How much you can borrow depends on a whole host of factors relating to your own financial circumstances and the likely appeal of the property as a holiday let. Your projected rental income from holiday lets, of course, is a critical measure of the likely success of the business.

That measure is complicated by the fact that rental income is subject to – potentially extreme – seasonal variations (in contrast to the income from an assured shorthold tenancy, for instance). Your lender may calculate an anticipated rental income, therefore, based on the averages across low, mid, and high-season rates, with a stress test of potential variations and slumps in income influencing the rate of interest you might be offered.


What are the costs associated with a holiday let mortgage?

The principal cost is repayment of your holiday let mortgage, where the rate of interest you are offered is likely to make a significant impact. Those rates are typically higher than for either a standard residential mortgage or a buy to let mortgage – reflecting the increased risk of the transaction to the lender.

The cost of your mortgage repayments will also be determined by the size of the deposit you can offer and the price you paid for your second home.

As the HomeOwners Alliance (HOA) points out, you can offset the cost of mortgage interest repayments against your rental income as far as your income tax liabilities are concerned.

Furthermore, there are also special tax rules which apply to your income from a holiday let if it is let furnished. It must be furnished to allow “normal occupation” and be available as a holiday letting for at least 210 days of the year.

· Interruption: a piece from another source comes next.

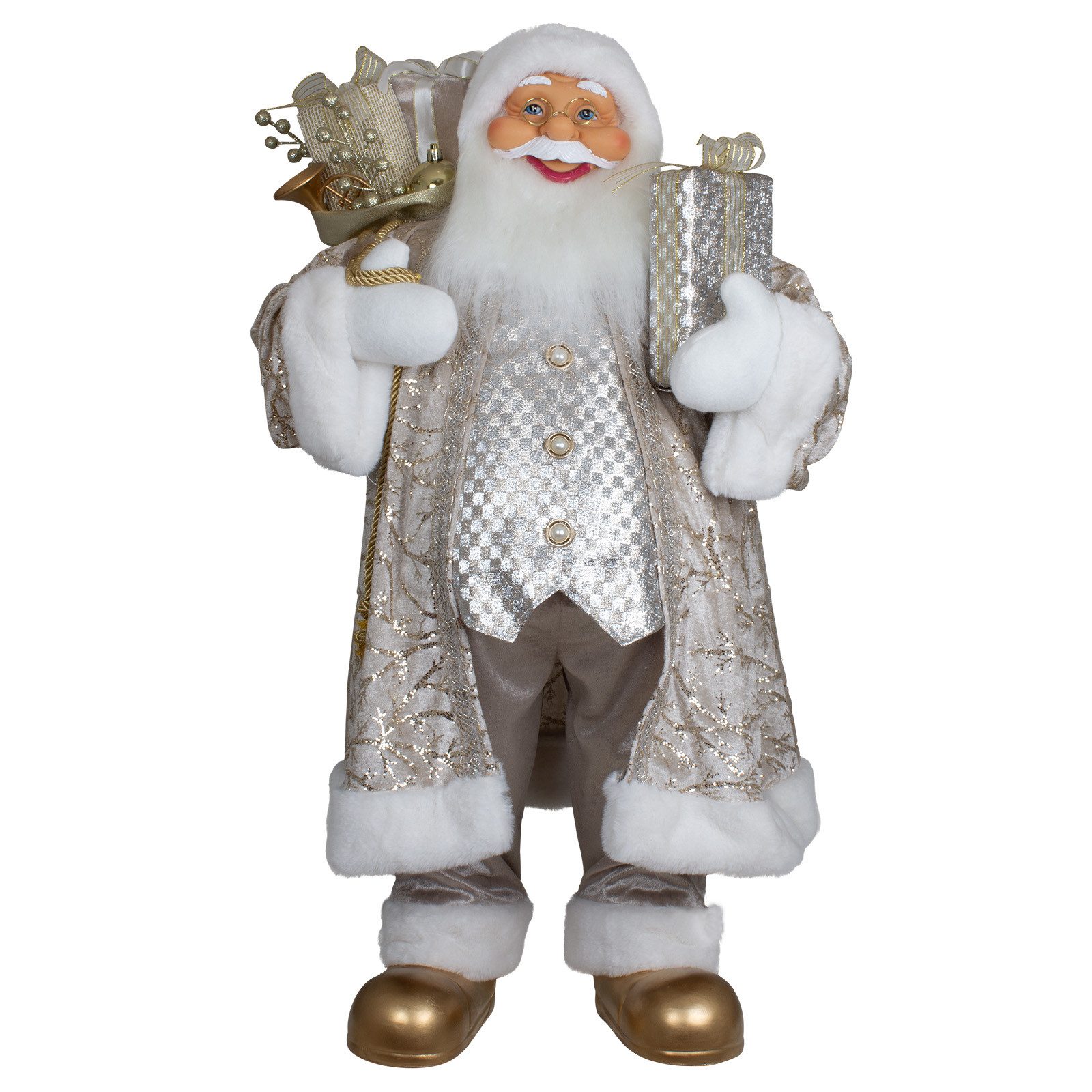 Christmas Paradise Weihnachtsmann Weihnachtsmann Stehend 80cm (1 St), Weihnachtsdeko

The costs of maintaining and keeping your second home in a good state of repair may prove more expensive than you imagined. At the same time, you must also take into account ongoing expenses such as insurance, council tax, and utilities, plus lettings and management agency fees.


Can I get a holiday let mortgage with bad credit?

While it is by no means impossible to secure a holiday let mortgage if you have a bad credit history, you are almost certain to find it difficult – with a limited pool of potential lenders.

Whatever type of mortgage you want to borrow, bad credit gets you off onto the wrong foot. For a holiday let mortgage, you are likely to be even more disadvantaged since you are competing for a relatively rare niche product.

A mortgage adviser specialising in applicants with bad credit and with expertise and experience in the market for holiday let properties may be able to offer help and guidance.


What about holiday let mortgages for overseas property?

If you want to buy a second home abroad, you may also need a holiday let mortgage. In that case, you have broadly two options – to arrange a mortgage through a local bank or lender in the country where you are looking to buy or arrange an overseas mortgage with a UK lender.

If you chose local finance, you must be prepared to negotiate the potentially arcane rules and practices of your host country in a language with which you may not be perfectly fluent. You are also at far greater mercy of fluctuating foreign exchange rates.

A safer bet, therefore, might be to contact a holiday home mortgage broker who will find the most appropriate deal for you from one of the several UK lenders now specialising in overseas mortgages.